### SOURCE MATERIAL:
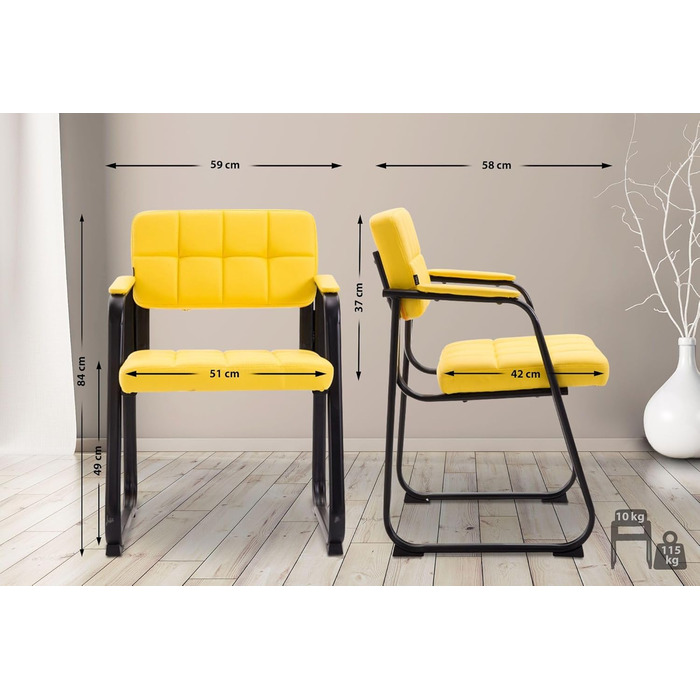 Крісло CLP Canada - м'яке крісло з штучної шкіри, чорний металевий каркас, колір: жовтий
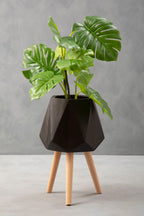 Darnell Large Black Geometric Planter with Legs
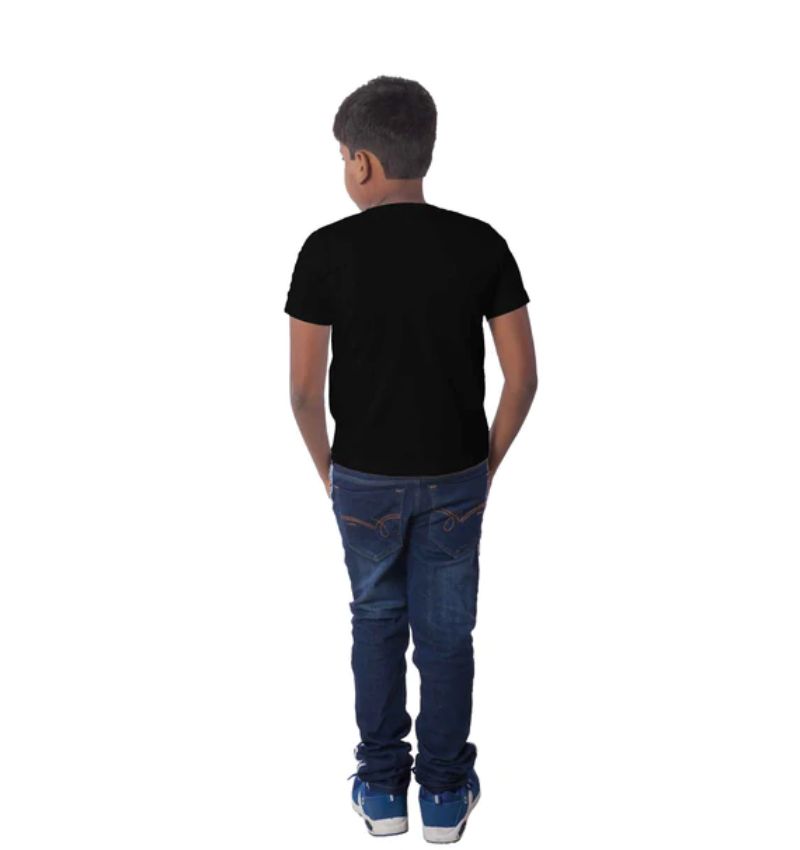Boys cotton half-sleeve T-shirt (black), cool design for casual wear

* * *

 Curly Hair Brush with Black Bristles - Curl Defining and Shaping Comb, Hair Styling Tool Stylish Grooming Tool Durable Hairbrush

--

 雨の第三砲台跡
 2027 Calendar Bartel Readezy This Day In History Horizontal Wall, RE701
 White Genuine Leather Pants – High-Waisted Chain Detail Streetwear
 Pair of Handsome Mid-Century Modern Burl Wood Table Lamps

### PROBLEM TO WORK ON:
There is a line with "2027 Calendar Bartel" and a line with "Pair of Handsome" above. Copy exactly those two lines and all lines between them, with nothing else.

### RESPONSE TO THIS EXERCISE:
 2027 Calendar Bartel Readezy This Day In History Horizontal Wall, RE701
 White Genuine Leather Pants – High-Waisted Chain Detail Streetwear
 Pair of Handsome Mid-Century Modern Burl Wood Table Lamps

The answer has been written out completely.